Р. В. говорит: "А если?"
-- Но разве вы не видите, какая она?
-- Вижу, да, а все-таки "а если?".
-- Но, ведь если думать всегда о "если", с места сдвинуться нельзя.
-- Почему же? Вот Аксюша,-- она, несомненно, не "а если",-- отвечает мне Р. В.
5 февраля. Дни 3--4 февраля были самые трудные, я ужасно страдал. Р. В. рассказал мне о женщине, которая вышла замуж за человека, подлежащего исследованию. Восемь месяцев спала с ним, все выведала и предала. И под влиянием рассказа Р. В.-ча, не видя Веду, я представил себе, будто стало невозможным поправить малодушие: "ушла и больше не придет никогда!" И мне остается "прочее время живота".
Вот тут-то во мне все закричало: "спасать, немедленно спасать!" И я написал тут письмо ей. О, как я люблю это чувство покаяния, из которого воскресает мой настоящий человек!"
"Мое письмо. "После каждой новой встречи Вы чем-нибудь возвышаетесь в моих глазах, и чем-нибудь перед самим собой я становлюсь ниже, и в чем-нибудь я отступаю. Не только архивы мои -- драгоценные (казалось мне раньше) дневники, но и книги в моих глазах теряют прежнее значение, и последние остатки вкуса к славе исчезают. Самоуверенность моя исчезает. Предвижу, что на этом пути "Пришвин", каким он был, и вовсе кончится. Напротив, все Ваше в моих глазах вырастает, и даже некоторые, раньше казалось, некрасивые черты преображаются и становятся для меня дороже красивого (родинка отцовская). Мне бы хотелось эту любовь мою к Вам понять как настоящую молодую любовь, самоотверженную, бесстрашную, бескорыстную. Могу ли? Пусть даже сейчас не могу, но я хочу бороться за это новое свое большое счастье и быть победителем. Я хочу понять процесс моего самопонимания в собственных глазах как разрушение всего того, что должно неминуемо рано или поздно разрушиться. Я хочу понять возвышение Ваше в моих глазах как силу жизни, которая должна воскресить меня после неминуемого разрушения оболочки моего самообольщения. Я хочу быть лучшим человеком и начать с Вами путешествие в неведомую страну, где господствует не томящееся "я", как теперь, а торжествующее и всепобеждающее "мы". Дорогая моя, не будем откладывать наше волшебное путешествие, сейчас же, в эту самую минуту, станем обдумывать радостный путь, уговариваться между собой в строгом неуклонном выполнении труднейших условий нашего будущего торжества.
Вашими же словами пишу, моя желанная, "хорошо ли молчать из трусости, из самолюбия не сделать того, ради чего и живешь-то на свете?". В Вашем существе выражено мое лучшее желание, и я готовлюсь, не скрою, с некоторой робостью к жертвам в личной эгоистической свободе, чтобы сделать Вам все хорошее и тем самым выше подняться и самому в собственных глазах.
Все, о чем я сейчас пишу, вышло от Вас, и я не хочу лицемерить и спрашивать Вас о том, согласны ли Вы со мной отправиться в далекое путешествие, в неведомую страну и там создать себе Дом.

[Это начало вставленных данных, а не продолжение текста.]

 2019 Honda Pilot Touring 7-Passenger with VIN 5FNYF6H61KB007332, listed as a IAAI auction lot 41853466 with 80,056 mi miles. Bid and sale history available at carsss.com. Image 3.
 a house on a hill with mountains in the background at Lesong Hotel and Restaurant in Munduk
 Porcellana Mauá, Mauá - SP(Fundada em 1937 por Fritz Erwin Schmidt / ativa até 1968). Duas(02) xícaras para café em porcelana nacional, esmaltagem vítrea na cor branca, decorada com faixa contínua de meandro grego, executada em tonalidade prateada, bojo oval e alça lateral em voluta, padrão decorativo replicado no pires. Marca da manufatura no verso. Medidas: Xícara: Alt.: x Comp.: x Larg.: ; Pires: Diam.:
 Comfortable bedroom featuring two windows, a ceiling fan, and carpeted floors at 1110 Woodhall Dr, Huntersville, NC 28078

Это от Вас же пришло ко мне, и мне даже кажется, будто я только записываю, и весь труд мой состоит лишь в том, чтобы точно было выражено согласие с Вашим желанием и сознанием. Никто больше Вас не понимает так сильно, что талант мой -- есть сохраненная сила молодости, и я Вам назначаю его как невесте. И пусть в нашем союзе никогда не будет того, от чего погибает всякий обыкновенный союз: у нас никогда не будет в отношении друг ко другу отдельных путей, наши души открыты друг для друга, и цель наша общая.
Пишу это Вам в предрассветный час дня моего рождения".

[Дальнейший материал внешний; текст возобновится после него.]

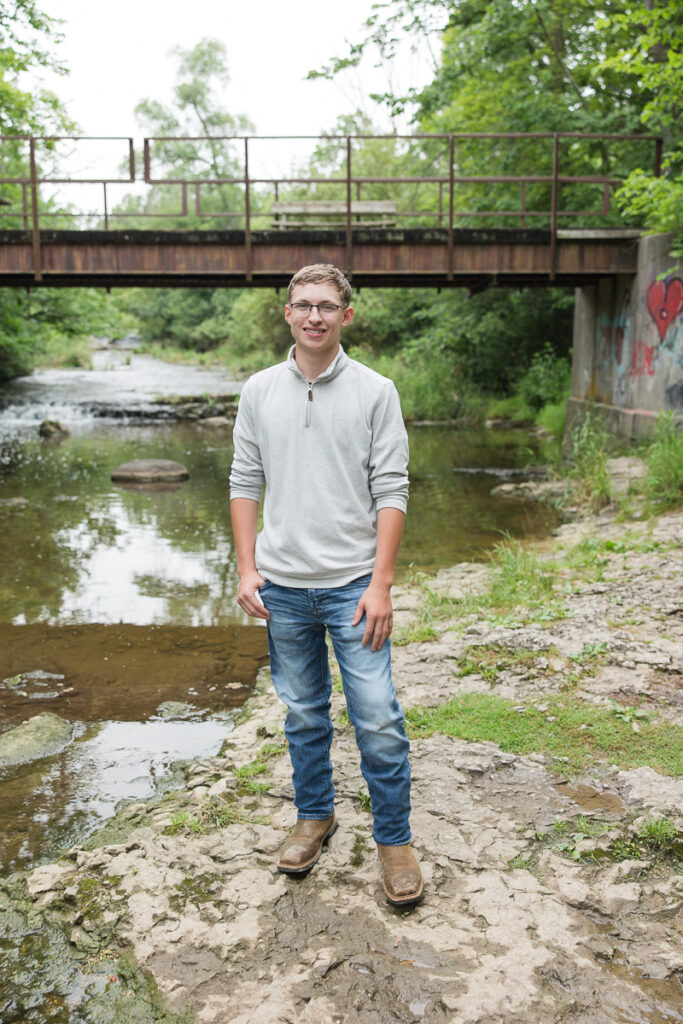 senior guy standing in front of a bridge along a creek smiling at the camera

Перечитывая через пять лет это свое письмо, Михаил Михайлович замечает: "Вспоминаю свое письменное предложение ей. До сих пор я этим гордился: мне казалось, что я совершил героический поступок -- прыгнул на пролетающее мгновение и остановил его. Другой стал бы раздумывать и пропустил бы свое мгновение. Я не раздумывал, а взял и достиг своего. Однако, если теперь подумать об этом, я мог бы сделать гораздо лучше (спокойней). Всем бы от этого было бы хорошо. Но, скорее всего, у меня не хватило бы духу на такое любовно-внимательное устройство жизни. И я, чувствуя слабость, и совершил этот бросок.
Факт героизма тут утверждается победой Дон-Кихота в его борьбе с Гамлетом. Это несомненно хорошо, и надо этим гордиться. Но только надо иметь в виду, что это выход человека отчаянного, боящегося пропустить свое мгновение жизни. Тут есть, может быть, и что-то ребячье: доверчивость бессмысленная и священная. Это чувство есть в русском народе, и назвать его можно словом "уверчивость". (Так Аксюша и сказала тогда: "Уверчив!") Но есть в том же народе идеал поведения человека с любовным вниманием.
Такой человек не прыжком движется, а ступает твердо и четко при свете любовного внимания. Вот с точки зрения этого идеала я теперь критикую свое письмо. И мне досадна теперь сама форма письма, какая-то безумно-рассудочная".
Через 12 лет: "В записях 1940 года есть что-то тяжелое и нудное: мы тогда не летели, не плыли, а делали сами новую жизнь, и дневники того времени иллюстрируют любовь как дело жизни, но никак не любовь-песню".
Так ли? -- спрашиваю я сейчас. Иначе нам было невозможно в те дни, как только трудиться подобно двум чернорабочим -- столько хламу было накоплено двумя -- и все это надо было раскопать и разгрести! Мы работали всерьез, навсегда.
Да, это была не юношеская встреча. И это была в те дни, вероятно, еще не любовь -- мы лишь осторожно и требовательно к ней приближались: мы не должны были больше ошибаться. "Кто обманывается в ком-нибудь, тот и другого обманывает. Значит, нельзя обманывать, но нельзя и обманываться". Так запишет М. М. через полгода.
Снова вспоминаю: я работала, а М. М. входил и выходил, останавливаясь за моим плечом. Он хотел мне что-то сказать, но я не прекращала стука машинки и не оборачивалась к нему и сдерживала собственное желание заглянуть ему в лицо. И тогда он сам притронулся к моей руке, остановил ее и сказал: "Я хочу сделать для вас только самое хорошее. Помните, мне от вас ничего для себя не нужно".